- [DIRECTIONS] Taking the entries below, transcribe only the lines starting with the one with "Custom Gray Black-White" and going on through the one with "Zuhhgii Karim Benzema, divertente", exactly as written, without the pictures.

- [WORKING DATA]
-=-=-=-=-
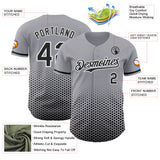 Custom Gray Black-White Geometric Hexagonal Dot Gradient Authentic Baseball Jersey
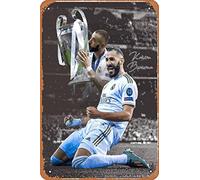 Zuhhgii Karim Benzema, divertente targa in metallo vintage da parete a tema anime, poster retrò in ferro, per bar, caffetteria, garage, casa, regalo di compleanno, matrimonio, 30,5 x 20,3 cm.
-=-=-=-=-
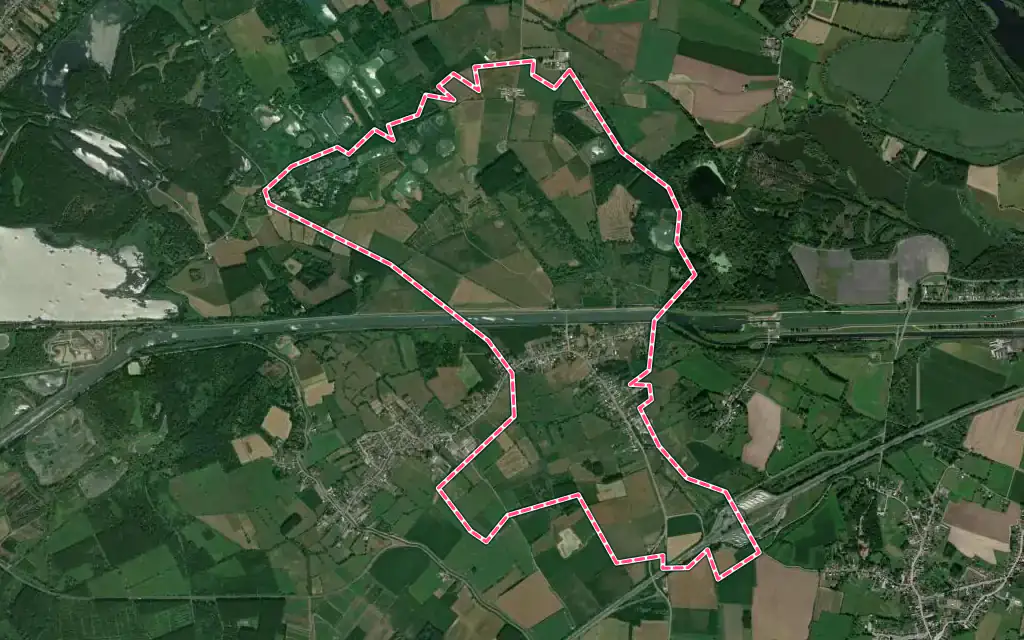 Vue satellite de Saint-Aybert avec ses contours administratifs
-=-=-=-=-
- [SOLUTION TO THIS EXERCISE]
 Custom Gray Black-White Geometric Hexagonal Dot Gradient Authentic Baseball Jersey
 Zuhhgii Karim Benzema, divertente targa in metallo vintage da parete a tema anime, poster retrò in ferro, per bar, caffetteria, garage, casa, regalo di compleanno, matrimonio, 30,5 x 20,3 cm.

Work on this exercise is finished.